Andar a pé - reedição

"Em Bujumbura (Buja, daqui em diante), as regras de segurança eram severas. Não podíamos, por exemplo, atravessar uma rua da largura da Marginal a pé: tinha que ser de carro. As regras não eram estúpidas, antes pelo contrário, faziam sentido; mas por vezes não as respeitava.

A que mais infrigi era a da manhã: acontecia-me frequentemente ir passear para as margens do lago, quando havia dois riscos - os hipopótamos, e aquilo a que localmente se chamava "assaillants". Sempre me levantei cedo, e as margens do lago eram, a essa hora, de uma beleza irresistível.

Se quanto aos assaltantes as estatísticas eram escassas - provavelmente por falta de assaltados - já os relatórios de ataques por hipopótamos, ou incidentes com eles, abundavam.

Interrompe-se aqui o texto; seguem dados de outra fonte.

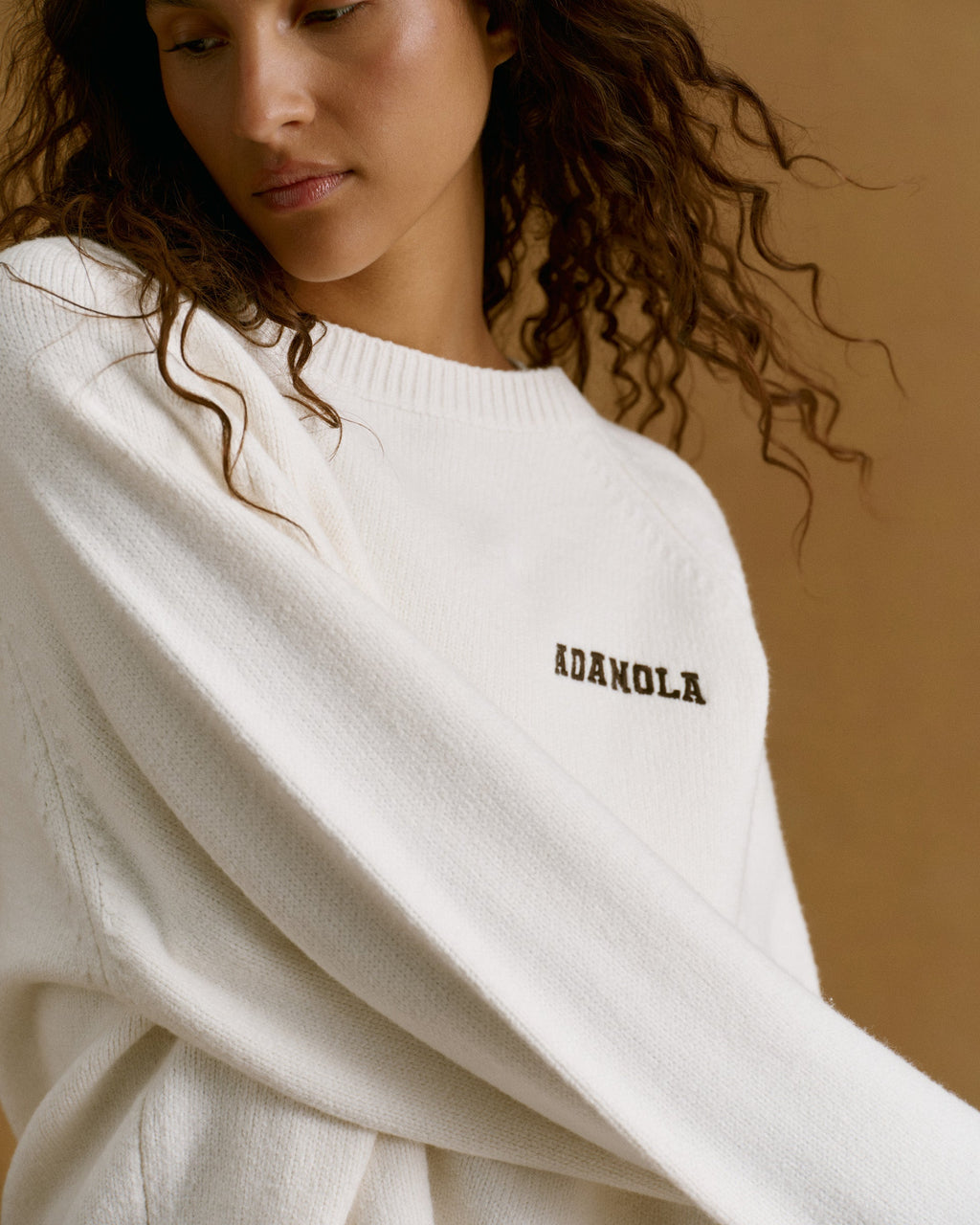 Oversized Knit Sweatshirt - Cream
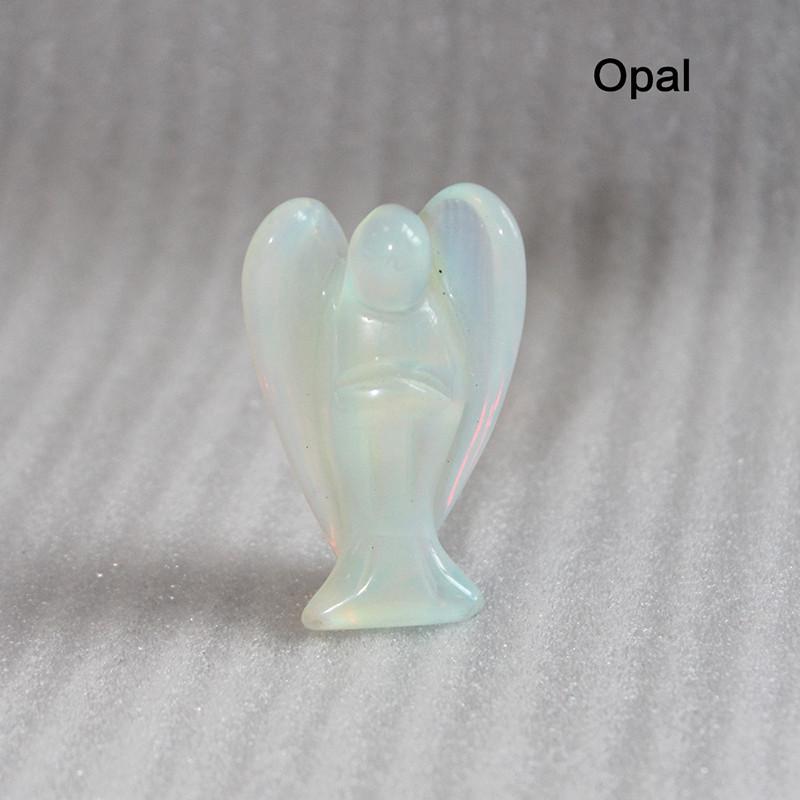 Křišťálová vyřezávaná figurka anděla strážného kapesní kámen léčení řemeslo 15" soška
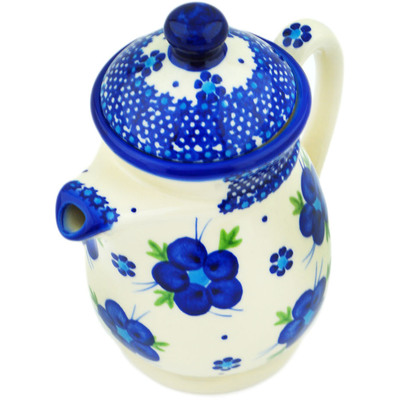 Polish Pottery Pitcher with Lid 15 oz Bleu-belle Fleur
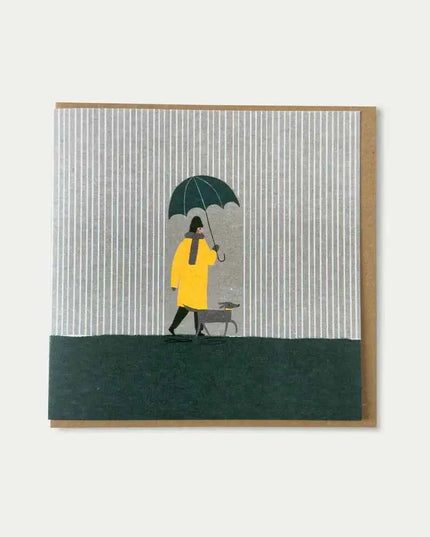 Walk in the Rain Greetings Card
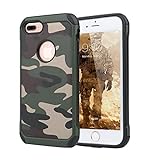 Deet Schutzhülle für iPhone 7 Plus, stoßfest, doppellagig, Outdoor-Sport-Serie, extremer Schutz, Hybrid-Armee/Camouflage, für Apple iPhone 7 Plus, 14 cm (5,5 Zoll), Armeegrü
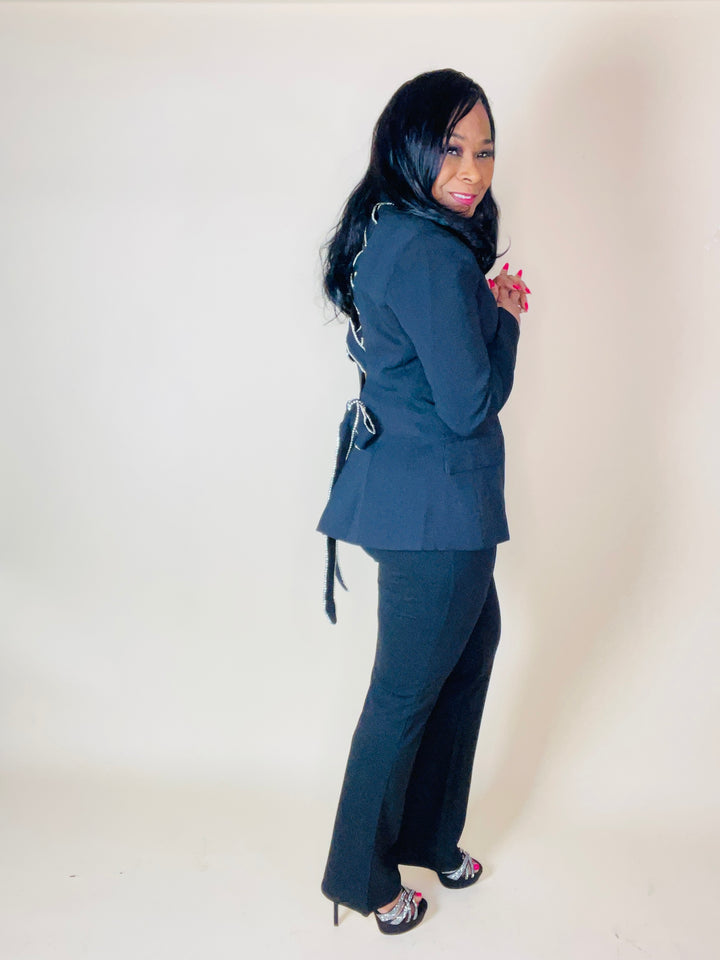 Rhinestone Criss Cross Blazer - Moody Fitzs Boutique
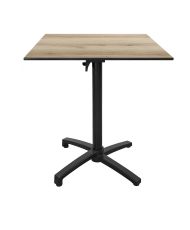 Tischhöhe 90 cm, klappbar für Terrasse in Compact HPL Eichenholzdekor 70 x 70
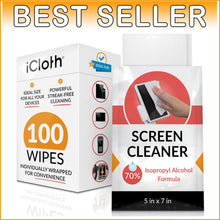 Load image into Gallery viewer, Streak-Free 70% Isopropyl Alcohol Wipes for Laptops and Electronics - 100 Count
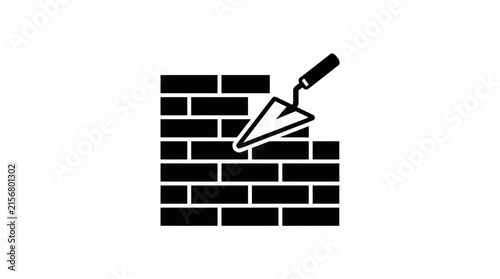 Brick wall construction with mortar trowel tool icon.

A temperatura era fresca, quase fria, e a luz vertiginosa, de tão límpida, clara, cristalina. As montanhas do outro lado libertavam-se, pouco a pouco, dos farrapos de nuvens que a condensação, de uma forma anárquica e incompreensível (mas com um resultado invariavelmente belo) deixava nos inúmeros desfiladeiros que as entrecortavam. Pareciam bocados de algodão numa árvore de Natal, o que não deixava de me surpreender, num país do qual o Pai Natal estava tão visivelmente ausente.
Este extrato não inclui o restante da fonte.